I see two factors. Firstly, adults tend to forget the flaws of their own youth; idealizing “those golden times” when people were honorable, politicians didn’t lie, and everybody raised their kids right. Are you sure? If we travelled back in time (no matter to which exact period) we’d find politicians to be just as dishonest, “the kids” just as troublesome, and most adults trying hard to hide very old emotional pains. On the other hand, that people would complain about “how easy kids have it now” is actually an indicator of our great and continuous social progress. People can be forgiven for being scared of change. When tractors were first invented, surely we’d hear farm grandpas complaining about the lazy kids who just hop on a fancy machine doing the hard plowing work for them: almost too immorally easy!... Yet who on Earth would reject newer, more efficient technology for the sake of nostalgia? We’d be still copying books by hand. Most people won’t and millennials are no exception.

Are millennials “entitled”? Well, what do we mean by that? Sure, some of them might graduate their bachelor programs with unrealistic expectations of their salary, benefits, pace of corporate progress, working hours or vacation times. This is partially explained, I would guess, by the current zeitgeist – shown relentlessly in movies and media – of individual greatness, the American ideals of the great dreamer self-made-man, and the ethos of our era about how special we all are. We in the West live in times of dreamy individualism. But it would be unfair to cast all millennials in this light, and also, is having high expectations or wild dreams necessarily a bad thing?... This stereotype is also a disservice to the many of them who are willing to work incredibly hard – and doing so –, having it clear that there is no free lunch. Many millennials are pouring insane amounts of energy and time into creating their own businesses, much more stressed than their parents ever were. Groups of young anti-government libertarians reject the idea of government benefits, and are willing to work hard for financial independence (whether time will prove them right in their political ideas is a different matter, and up for debate). Several studies and surveys actually show that millennials are busier than their parents ever were: not only working on whatever precarious job they could find but also engaged in all sorts of NGOs; practicing sports and hobbies and extra classes on the side; more informed than ever and demanding social and political change. Just because they are not working on farms, or on whatever image we picture on our heads as “hard work”, doesn’t make all of them “lazy and entitled”.

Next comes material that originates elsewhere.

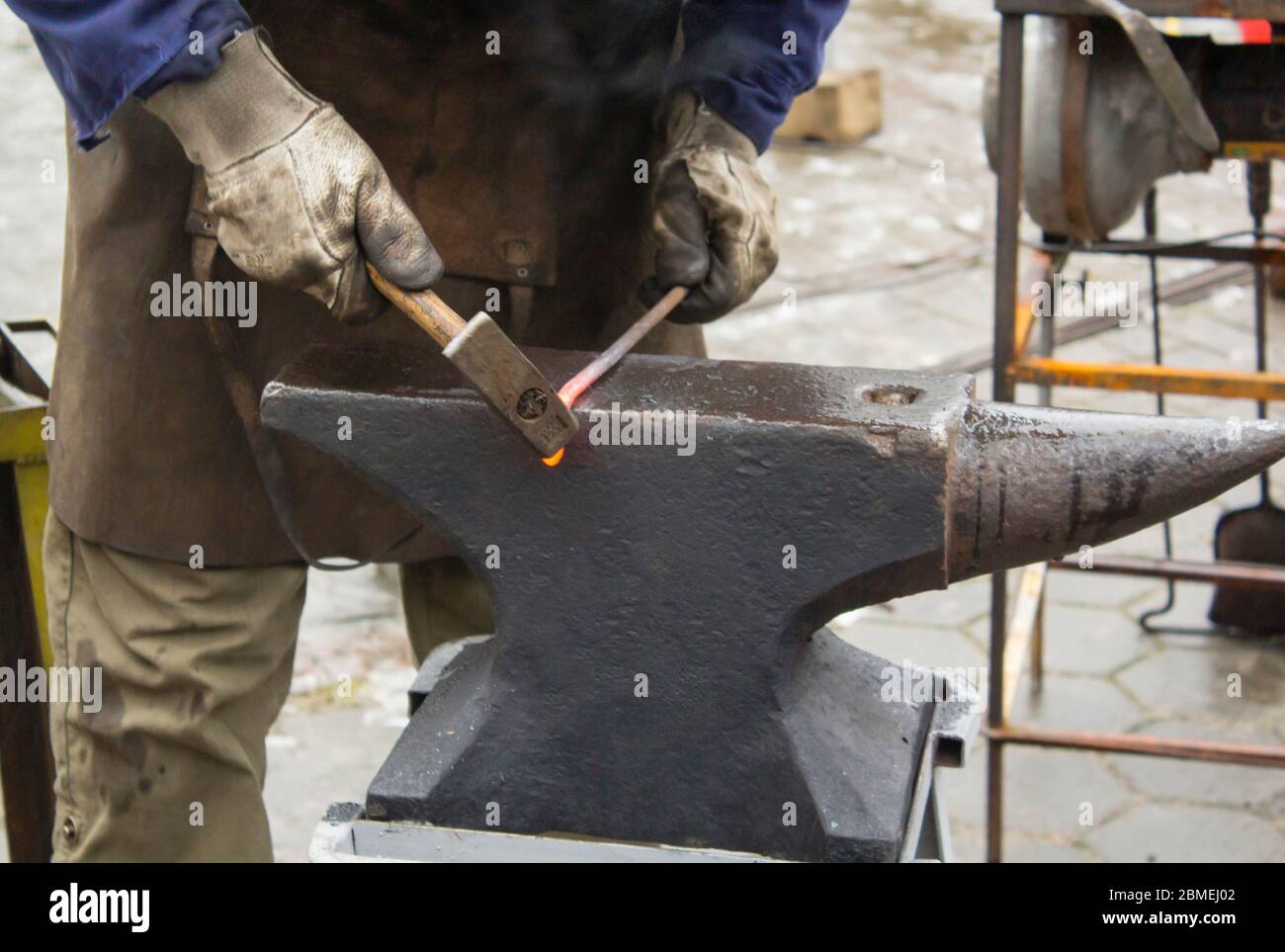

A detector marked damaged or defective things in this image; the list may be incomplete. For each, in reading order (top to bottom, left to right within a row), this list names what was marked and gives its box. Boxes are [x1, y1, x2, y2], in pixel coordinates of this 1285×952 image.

rusty steel frame [985, 0, 1285, 862]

Millennials also didn’t create the current economic climate were jobs are not only increasingly hard to find but also ever more precarious, temporary, and low-paying. Who is acting more “entitled”: the millennial who wants to make enough money to buy a house (as his parents did), health insurance and some free time; or the corporation who demands that the new worker for an entry-level position have two years’ experience, high qualifications, continuous availability and convenient disposability?... And how can they leave the parental home when it’s simply not affordable on the salaries they are being offered? Many millennials will be worse off than their parents, though by no fault of their own. They are acutely aware that they will no longer have corporate benefits like their parents enjoyed; as jobs are increasingly “precarized”, slimmed down and stripped to the basics of a salary – which by the way remains stagnant. Can they be blamed for wanting what their parents often had – stable jobs, security, pensions, comprehensive health insurance?...

Finally, on their expectations for balancing their jobs with private life: isn’t that something desirable? Maybe so many of them grew up barely seeing their dads (or moms, or both) because they worked such long hours, that they have it clear that they want to work to live, not live for work. Whether this can be mistaken for “laziness” and “entitlement” is up for debate and depends on how the reader thinks of what “work” should mean in our lives.